The viewer finances the whole business. However, you don’t really care about him. At most, the index finger is raised again and it says “They’re not fans for me, they’re hooligans who endanger football, we have to ban them from the stadium, worldwide travel ban, they’re the ones who destroy football and don’t those who fund it. Away with them, preferably in jail!”
Now that would be something more than just “wagging the index finger”. But you would still speak from the heart of many people. Maybe even a few more would venture back into the stadiums if there were NO fan wars, NO Bengalos, NO abusive songs against the opponent, the referee, against the coach, who had the outrageous audacity of NOT having won three games in a row , no disparagement of the “Legionnaire”, who hasn’t scored a single goal since his arrival, or those “homages” to their own goalkeeper, who has already initiated the defeat in two games in a row with an improperly intercepted cross ball and the goal conceded. “We are Schalke (or Dortmund, Kaiserslautern, Duisburg, Hanover, Dusseldorf, Frankfurt….) – not you!”
Nevertheless, one should “officially” think about why so many of the “fans” who would have to finance the business behave the way they do?

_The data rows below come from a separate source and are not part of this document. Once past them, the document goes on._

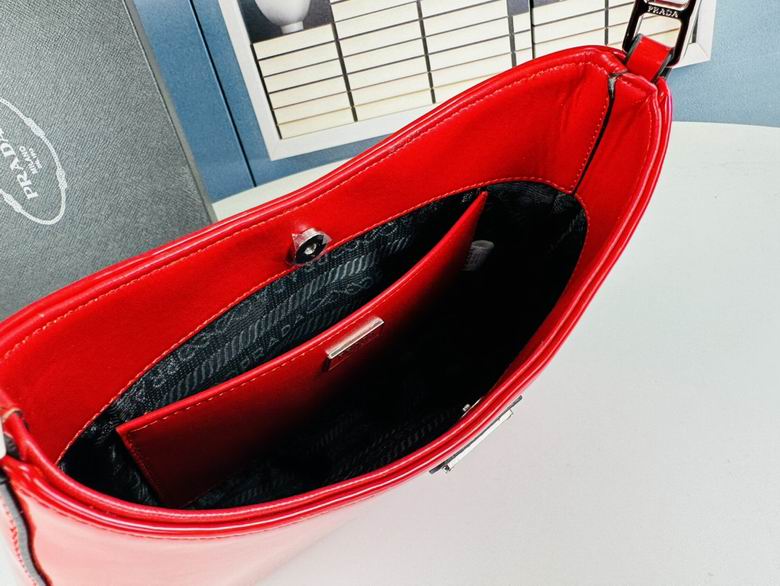 123 27cm XMY 6色 43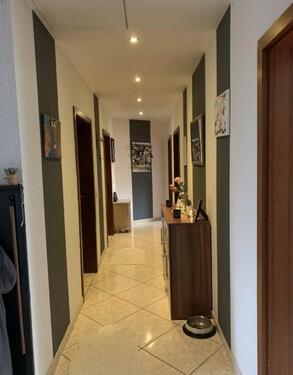 Foto - Bungalow in Hohenwestedt zur Miete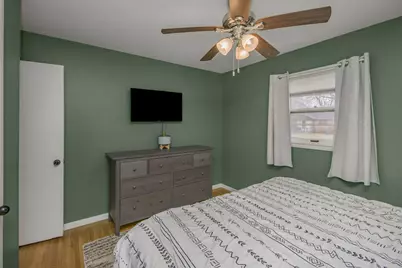 4934 Sheridan Avenue N, Minneapolis, MN 55430 - Photo 15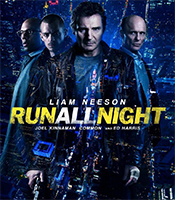 Click to know more about Run All Night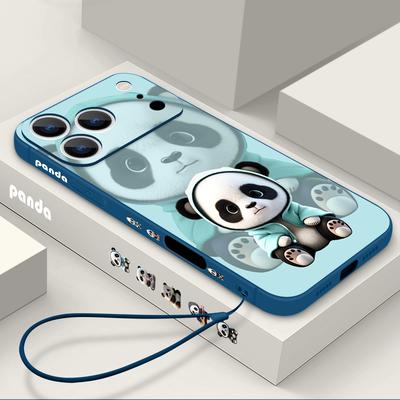 Fundas para móviles – Parachoques para smartphones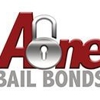 A-One Bail Bonds gallery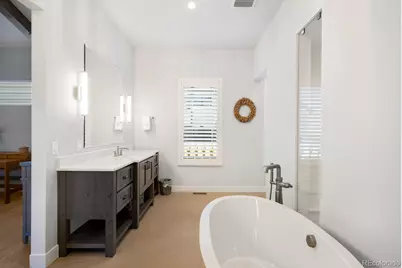 3197 Juniper Court, Golden, CO 80401 - Photo 17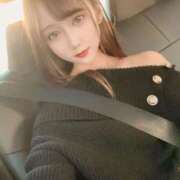 ヒメ日記 2025/03/13 07:36 投稿 UTA GINGIRA☆TOKYO～ギンギラ東京～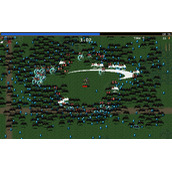 吸血鬼幸存者跳过5解锁方法介绍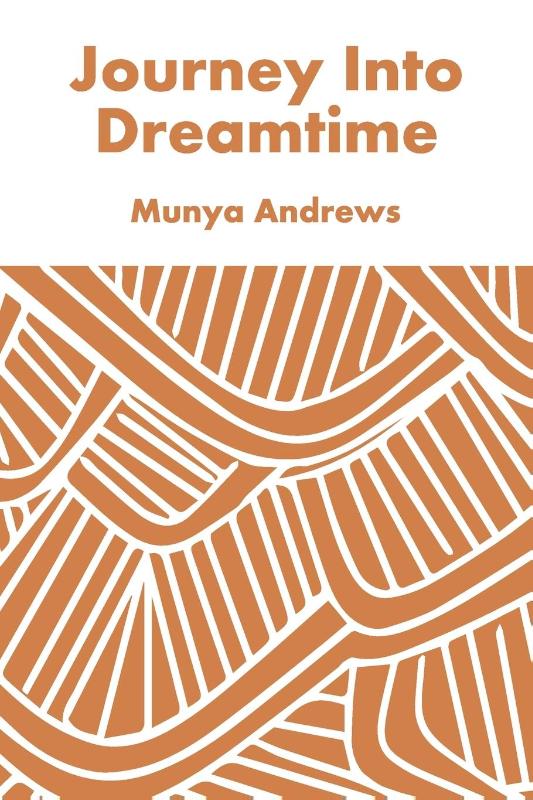 Journey Into Dreamtime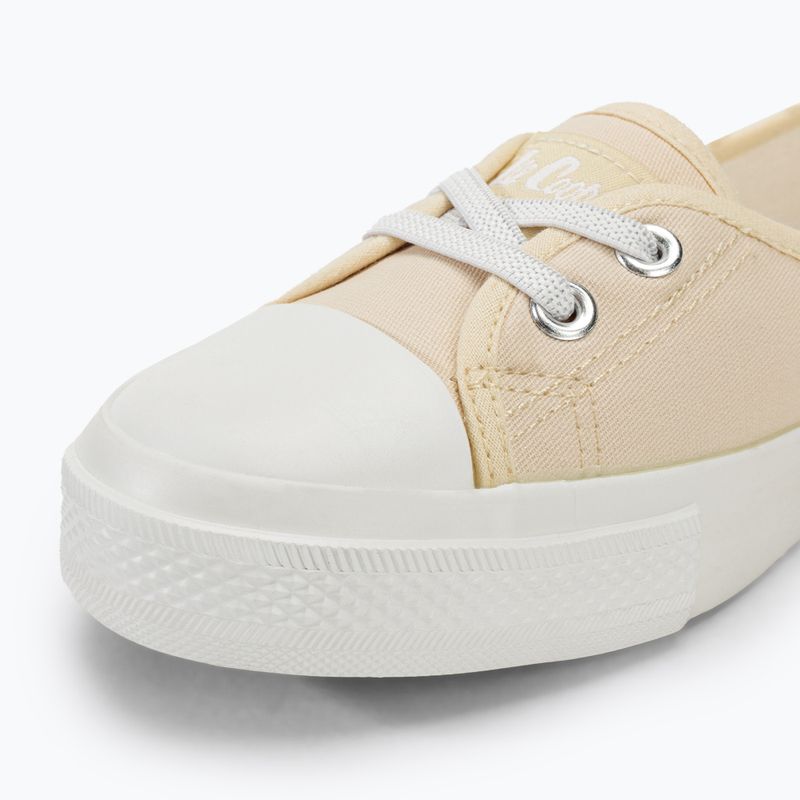 Moteriški batai Lee Cooper LCW-24-31-2728 7
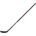 CCM Jetspeed FT3 Pro SR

To simply blame it on “they’re just idiots who want to destroy football” or whatever the unpleasant judgment may be, is short-sighted and superficial. Thinking about it could bring the following insights to light: with the way in which football is currently played – perhaps better described as a “martial art” – it keeps a certain clientele as spectators. People who are interested in art, beauty, aesthetics, athletics, in pure or beautiful sport and enjoy it: they are no longer there, have migrated, give their interest and attention to other sports. Even if with a certain melancholy: “It’s a shame, football used to be my sport, but today?”
One idea would be to ask the viewer, for example. What would he like to see? What would a game have to be like to be fun to watch?
Something that may have sounded before should be added here: who is actually the spectator, in the stadium or in front of the screen? Are they only “fans” who watch a full game? Fans of this team or fans of that team. No more neutral spectators who watch a game simply because football is being played, because they love football from a young age and because it’s fun to watch football without identifying with this or that team.
If it were possible to win back these neutral viewers, then there would be no more worries about the future. These would be so vastly outnumbered that it would be irrelevant how many “fans” of this or that team are actually there. It’s fun for everyone, it’s fair and just, there are goal situations and goals, both in large numbers, there are no more ugly fouls because everyone agrees that it’s not primarily about winning but that it’s in It is primarily about not alienating the person who is supposed to keep the whole business going, that above all you have to offer them good entertainment, one that is tailored to their needs, that contains everything that makes them want to do it again and again buy a ticket, visit the stadium, turn on the TV, maybe visit the cafés and pubs where games are broadcast: the spectator. You don’t ask him. But you should. The illusion that one does not have to ask because he has already spoken while the ruble is rolling is what it is: an illusion.